** WHAT IS BEING ASKED **
Copy all the records exactly; the complete set is the expected result.

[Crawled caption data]
Segment Open
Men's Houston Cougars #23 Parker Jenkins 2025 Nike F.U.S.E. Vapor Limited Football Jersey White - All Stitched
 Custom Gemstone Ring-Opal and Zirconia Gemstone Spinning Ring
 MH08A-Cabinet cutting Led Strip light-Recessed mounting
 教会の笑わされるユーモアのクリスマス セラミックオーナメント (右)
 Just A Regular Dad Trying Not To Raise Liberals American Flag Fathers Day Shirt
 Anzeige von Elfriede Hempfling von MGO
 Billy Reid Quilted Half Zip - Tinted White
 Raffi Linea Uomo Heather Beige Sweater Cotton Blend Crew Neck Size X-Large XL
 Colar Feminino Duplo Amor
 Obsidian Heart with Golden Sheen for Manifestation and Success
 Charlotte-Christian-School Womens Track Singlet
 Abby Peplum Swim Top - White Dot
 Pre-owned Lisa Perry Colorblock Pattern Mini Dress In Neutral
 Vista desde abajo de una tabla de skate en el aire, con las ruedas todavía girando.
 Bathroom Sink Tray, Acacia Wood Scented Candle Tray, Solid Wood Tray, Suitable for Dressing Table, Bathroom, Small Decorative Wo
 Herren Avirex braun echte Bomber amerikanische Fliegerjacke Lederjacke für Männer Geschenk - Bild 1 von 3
Segment Closed
** RESULT BELOW **
Men's Houston Cougars #23 Parker Jenkins 2025 Nike F.U.S.E. Vapor Limited Football Jersey White - All Stitched
 Custom Gemstone Ring-Opal and Zirconia Gemstone Spinning Ring
 MH08A-Cabinet cutting Led Strip light-Recessed mounting
 教会の笑わされるユーモアのクリスマス セラミックオーナメント (右)
 Just A Regular Dad Trying Not To Raise Liberals American Flag Fathers Day Shirt
 Anzeige von Elfriede Hempfling von MGO
 Billy Reid Quilted Half Zip - Tinted White
 Raffi Linea Uomo Heather Beige Sweater Cotton Blend Crew Neck Size X-Large XL
 Colar Feminino Duplo Amor
 Obsidian Heart with Golden Sheen for Manifestation and Success
 Charlotte-Christian-School Womens Track Singlet
 Abby Peplum Swim Top - White Dot
 Pre-owned Lisa Perry Colorblock Pattern Mini Dress In Neutral
 Vista desde abajo de una tabla de skate en el aire, con las ruedas todavía girando.
 Bathroom Sink Tray, Acacia Wood Scented Candle Tray, Solid Wood Tray, Suitable for Dressing Table, Bathroom, Small Decorative Wo
 Herren Avirex braun echte Bomber amerikanische Fliegerjacke Lederjacke für Männer Geschenk - Bild 1 von 3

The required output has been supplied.